Automated Adversarial Collaboration for Advancing Theory Building in the Cognitive Sciences
Cognitive science often evaluates theories through narrow paradigms and local model comparisons, limiting the integration of evidence across tasks and realizations. We introduce an automated adversarial collaboration framework for adjudicating among competing theories even when the candidate models and experiments must be discovered during the adjudication process. The system combines LLM-based theory agents, program synthesis, and information-theoretic experimental design in a closed loop. In a simulation study spanning three classic categorization theories, the framework recovered the ground-truth theory across noise settings with weaker reliability in the hardest settings. Together, the framework and findings provide a concrete proof of concept for closed-loop, in-silico theory adjudication in cognitive science.
Can we automatize scientific discovery in the cognitive sciences?
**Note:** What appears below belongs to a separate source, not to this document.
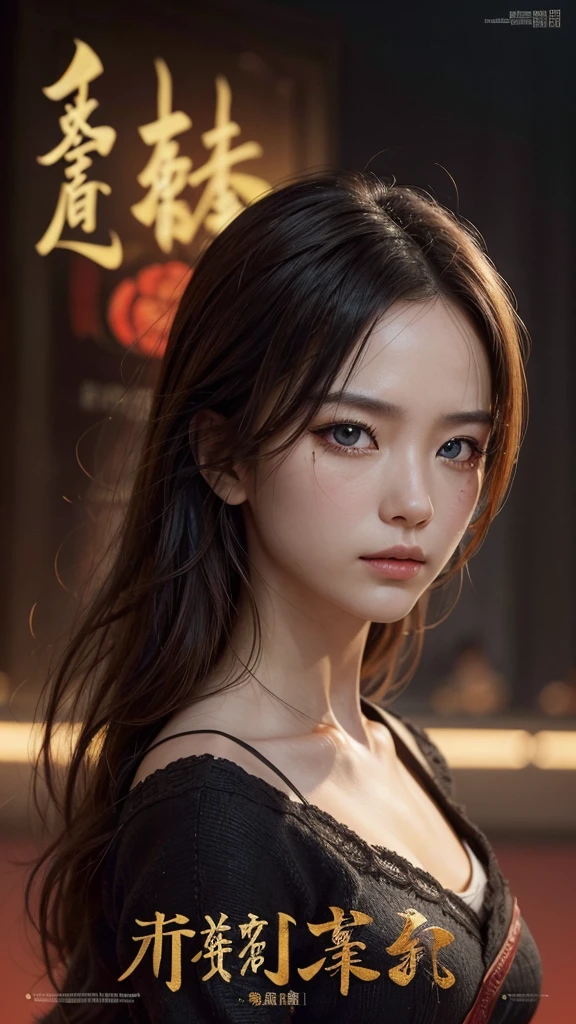 (best qualityer, Movie poster style), a beautiful woman with (one eye red:1.2),(significant writing of Chinese script:1.1), combining the elements perfectly together.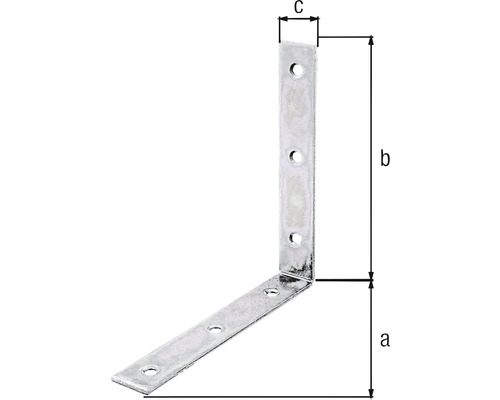 Conector unghiular cu găuri și indicații de dimensiune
The cognitive sciences aim to understand intelligence by formalizing underlying operations as computational models. Traditionally, this follows a cycle of discovery where researchers develop paradigms, collect data, and test predefined model classes. However, this manual pipeline is fundamentally constrained by the slow pace of human intervention and a search space limited by researchers' background and intuition. Here, we propose a paradigm shift toward a fully automated, in silico science of the mind that implements every stage of the discovery cycle using Large Language Models (LLMs). In this framework, experimental paradigms exploring conceptually meaningful task structures are directly sampled from an LLM. High-fidelity behavioral data are then simulated using foundation models of cognition. The tedious step of handcrafting cognitive models is replaced by LLM-based program synthesis, which performs a high-throughput search over a vast landscape of algorithmic hypotheses. Finally, the discovery loop is closed by optimizing for ''interestingness'', a metric of conceptual yield evaluated by an LLM-critic. By enabling a fast and scalable approach to theory development, this automated loop functions as a high-throughput in-silico discovery engine, surfacing informative experiments and mechanisms for subsequent validation in real human populations.